Campus & Community

The Diversity Summit: Celebrating Inclusive Excellence

In the years to come, says Frank Tuitt, the University of Denver’s associate provost for inclusive excellence and associate professor of higher education, “everybody will need to navigate and be successful in a diverse society.”

With that in mind, the University’s Center for Multicultural Excellence, which Tuitt directs, sponsors an annual Diversity Summit—slated in 2015 for Jan. 22–23. The two-day event features guest speakers, workshops and panel discussions focusing on topics related to inclusive excellence.

But just what is inclusive excellence?

“It’s a complex concept,” Tuitt acknowledges. “And it’s always evolving. You go to sleep with one definition and the next day it’s different.

“Sometimes we think of inclusive excellence as a thing, but to me it’s more of a process,” he adds, noting that the process includes everything from creating a campus climate that’s appreciative and supportive of diverse populations to addressing questions of access and equity.

The term was introduced to higher education by the American Association of Colleges and Universities. It was coined, in part, to counter resistance to diversity efforts in higher education—namely, Tuitt says, “the myth that inclusion was a compromise to excellence and vice versa.”

“I actually think it’s a brilliant term,” he explains, “because how can you be against inclusiveness? How can you be against excellence?”

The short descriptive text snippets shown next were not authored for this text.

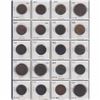 Image 1 : Mixed Page of 20x Bank tokens-Oldest Date 1812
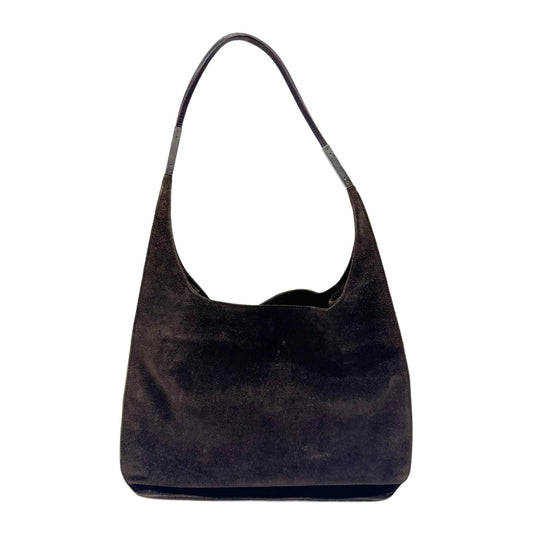 Brown Suede Shoulder Bag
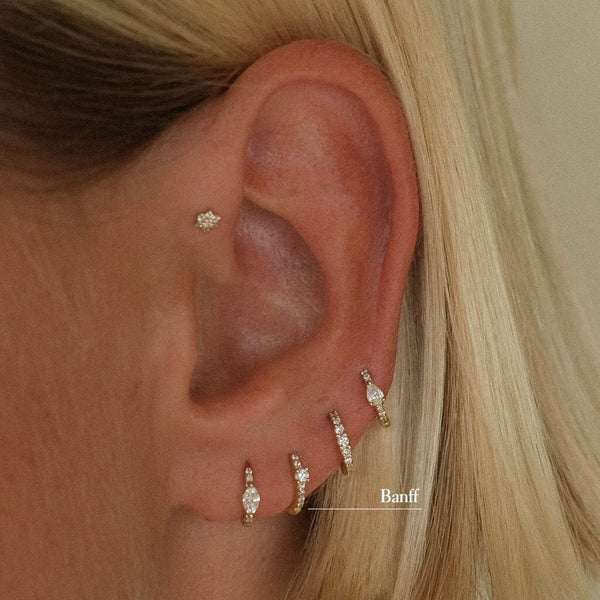 Banff huggie piercing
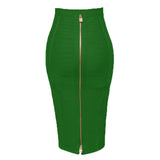 Bandage High Waist Slim Skirt-PS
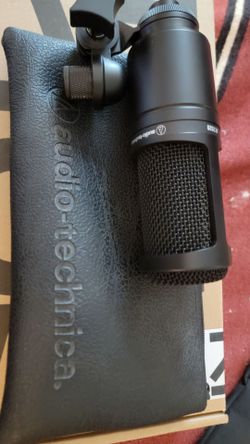 Audio-Technica AT2020 Cardioid Condenser Studio XLR Microphone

If attendance at the Diversity Summit is any gauge, plenty of people are definitely for inclusive excellence at DU. Launched in 2001 by a handful of undergraduate students, the summit has grown from a low-profile one-day event to a high-profile campus-wide program attracting as many as 700 faculty, staff, students, alumni and members of the Denver community. Recently, the event was expanded to include a Day of Action, which brings future students and their families to campus to learn about opportunities in higher education.

To summit co-chair Joanna Leyba, assistant provost for campus and community partnerships, the Diversity Summit represents an opportunity to chart, celebrate and instigate progress. “We ask that our presenters challenge participants to think about their own role in making DU an inclusive institution,” Leyba says.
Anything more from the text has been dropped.